Acasă » Electricity » European Commission adopts strategy for hydrogen – at least 6 gigawatts of renewable hydrogen electrolysers till 2024

European Commission adopts strategy for hydrogen – at least 6 gigawatts of renewable hydrogen electrolysers till 2024

9 July 2020
Electricity
energynomics

The European Union adopted the EU Hydrogen Strategy addressing how to use hydrogen in order to support the decarbonization of industry, transport, power generation and buildings across Europe – through investments, regulation, market creation and research and innovation.

Hydrogen can power sectors that are not suitable for electrification and provide storage to balance variable renewable energy flows, but this can only be achieved with coordinated action between the public and private sector, at EU level. The priority is to develop renewable hydrogen, produced using mainly wind and solar energy. However, in the short and medium term other forms of low-carbon hydrogen are needed to rapidly reduce emissions and support the development of a viable market.

This gradual transition will require a phased approach:

From 2020 to 2024, the EU will support the installation of at least 6 gigawatts of renewable hydrogen electrolysers in the EU, and the production of up to one million tons of renewable hydrogen.

From 2025 to 2030, hydrogen needs to become an intrinsic part of the integrated energy system, with at least 40 gigawatts of renewable hydrogen electrolysers and the production of up to ten million tons of renewable hydrogen in the EU.

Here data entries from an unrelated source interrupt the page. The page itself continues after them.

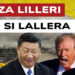 Macerie di Gaza. Xi Jinping, Donald Trump e Benjamin Netanhyau in primo piano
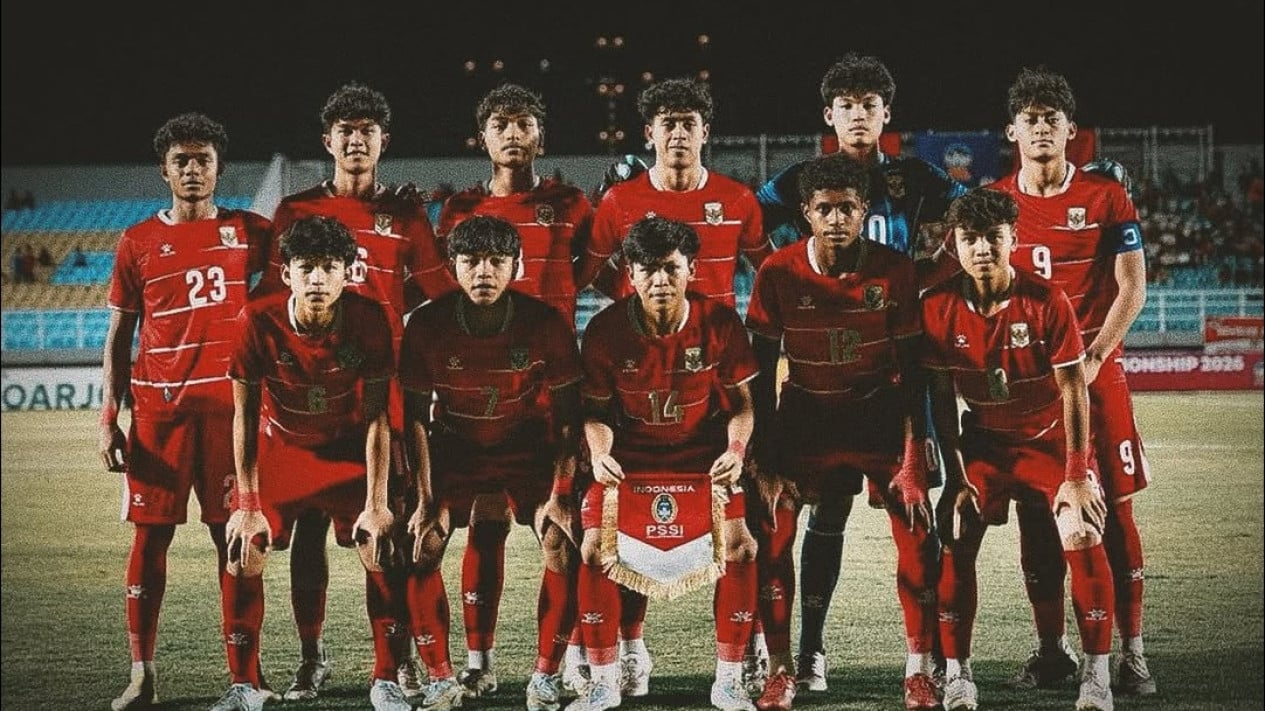 Menang atas Qatar, Timnas Indonesia U-17 Bisa Langsung Lolos ke Piala Dunia U-17 2026, Begini Skenarionya
            - galeri foto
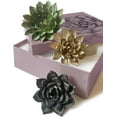 thumbnail image 2 of ‘Coral’ Artificial Plant — Beautiful, Decorative Ceramic Flower — Unique Tablescape Piece — Dusk | Box Gift Set of 3 (Flowers), 2 of 2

From 2030 to 2050, renewable hydrogen technologies should reach maturity and be deployed at large scale across all hard-to-decarbonize sectors.

To help deliver on this Strategy, the Commission is launching the European Clean Hydrogen Alliance with industry leaders, civil society, national and regional ministers and the European Investment Bank. The Alliance will build up an investment pipeline for scaled-up production and will support demand for clean hydrogen in the EU.

To target support at the cleanest available technologies, the Commission will work to introduce common standards, terminology and certification, based on life-cycle carbon emissions, anchored in existing climate and energy legislation, and in line with the EU taxonomy for sustainable investments.

The Commission will propose policy and regulatory measures to create investor certainty, facilitate the uptake of hydrogen, promote the necessary infrastructure and logistical networks, adapt infrastructure planning tools, and support investments, in particular through the Next Generation EU recovery plan.